His mother once told him that, soon after he was born, she began to suspect he was a changeling. An impostor left by fairies who had stolen away her actual baby. You could identify a changeling by its ugly temper, wisdom, and strange appearance, she said. “But I decided to love you anyway,” she added.
He was thrown in dumpsters and locked in his locker and spitballed and shoved and kicked and pinched because the other children didn’t think he deserved his self-confidence. When he came home with a broken tooth one day, the result of a baseball hurled at him during PE, his father hugged him and said, “Do you know why they’re angry? It’s because they know they’ll be working as garbage men and gas-station
attendants while you go on to rule the world.” Thaddeus had an only child’s self-assurance and knew without a doubt that his father was correct.

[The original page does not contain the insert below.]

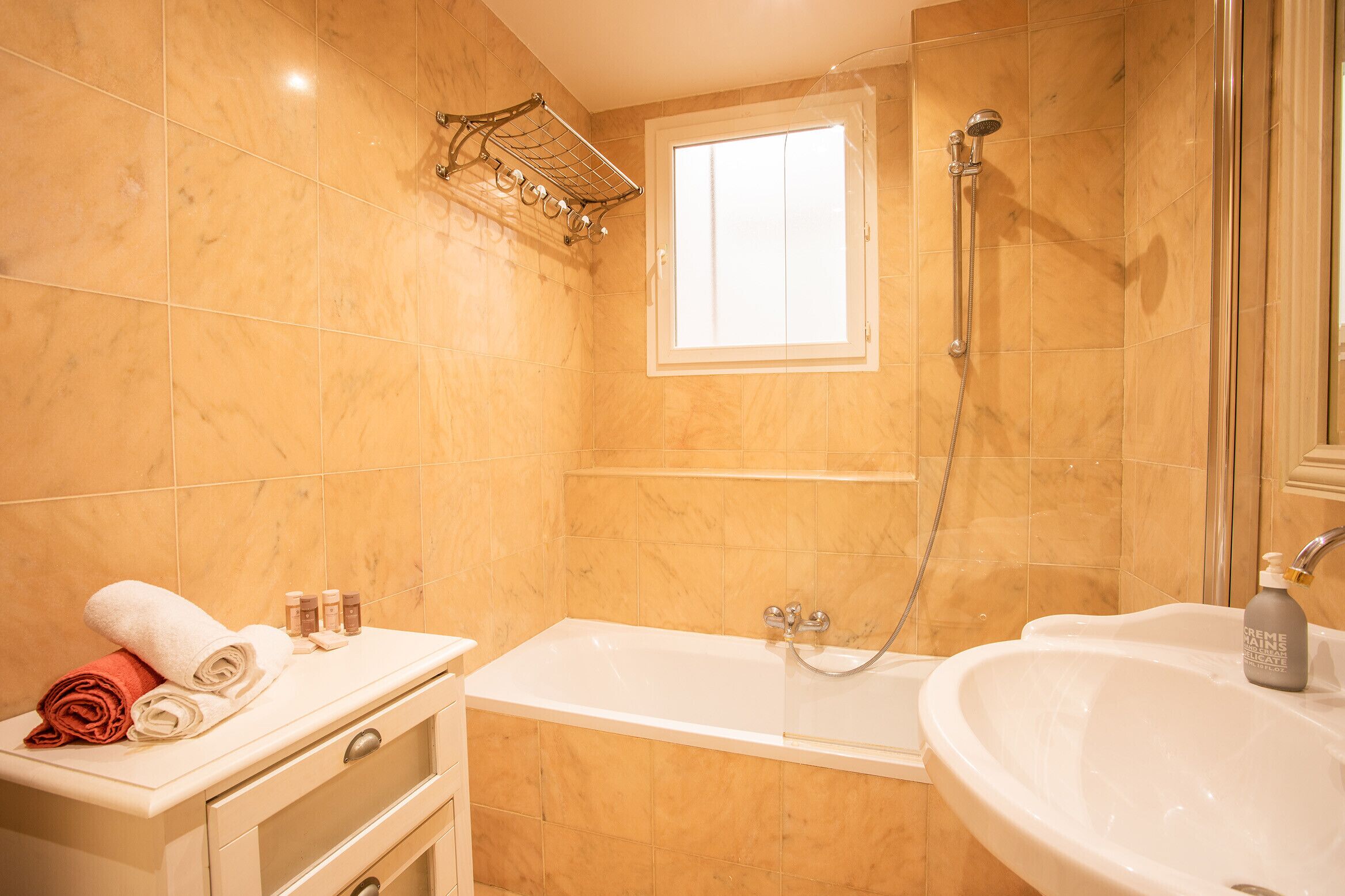 Une salle de bain avec une baignoire, un lavabo et une fenêtre.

Service was in his family’s blood. His great-grandfather had been a general, his grandfather a captain, his father a major. And this tradition had been continued by Harold, the older brother Thaddeus never met. A West Point grad, he’d died by sniper fire in Lebanon. His square-jawed photo was framed alongside a folded American flag in the living room. Thaddeus’s family remembered him by attending Memorial Day celebrations and always setting an empty plate at the dinner table at Thanksgiving, Christmas, and Easter. His parents were old. Old enough to be his grandparents. They referred to Thaddeus as their second chance and spoiled him accordingly. “Your brother died a hero,” they said. “But you’ll live as one.”

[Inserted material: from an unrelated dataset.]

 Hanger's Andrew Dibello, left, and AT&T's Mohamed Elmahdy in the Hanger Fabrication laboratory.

His parents believed he loved animals because he asked for them as pets. His room was stacked with glass tanks. Some were aquariums that bubbled with oxygen filters and held fish that flashed colorfully in and out of ceramic pirate ships. Others were bottomed with cedar chips or sand and housed tarantulas and iguanas and gerbils and mice. But he wasn’t caring for them. He was experimenting on them. With tools and chemicals. He knew other people wouldn’t think of it the way he did—they would use a word like torture—so he kept his scientific inquiries a secret and hid the logbook in which he noted his results. And when he reported their deaths to his mother, telling her, “Sadly, another guppy died,” or “Alas, Mr. Mouse is gone,” he always hung his head as though to hide his tears, and she would rub his shoulders and say, “Don’t be blue. We’ll pick you up another.”

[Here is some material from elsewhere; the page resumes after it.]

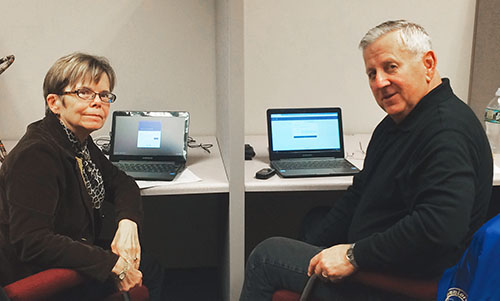 Mary Jo Rankin, RC 11, and Andy Kavulich, RC 11 president, work the phone bank at NYSUT’s Vestal Regional Office.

He developed very early on, from his animals and from his deceased brother, the perspective that life was discardable, replaceable. And that the difference between man and animal was comparable to the difference between himself and his schoolmates. Beasts accepted their station in life, whereas the best of humans dreamed and aspired. Besides having sex and watching movies and winning ball games and buying new clothes from the mall, his fellow students didn’t seem to care about much beyond their most basic needs. They did not wish to conquer or influence or discover. This seemed to Thaddeus positively un-American. They had been given a gift—to be born in this country at this time was a gift. This was the richest, healthiest, least dangerous, and most educated moment in human history, and to be an American at this juncture was the equivalent of winning the cosmic lottery. You were obligated to do something with your winnings.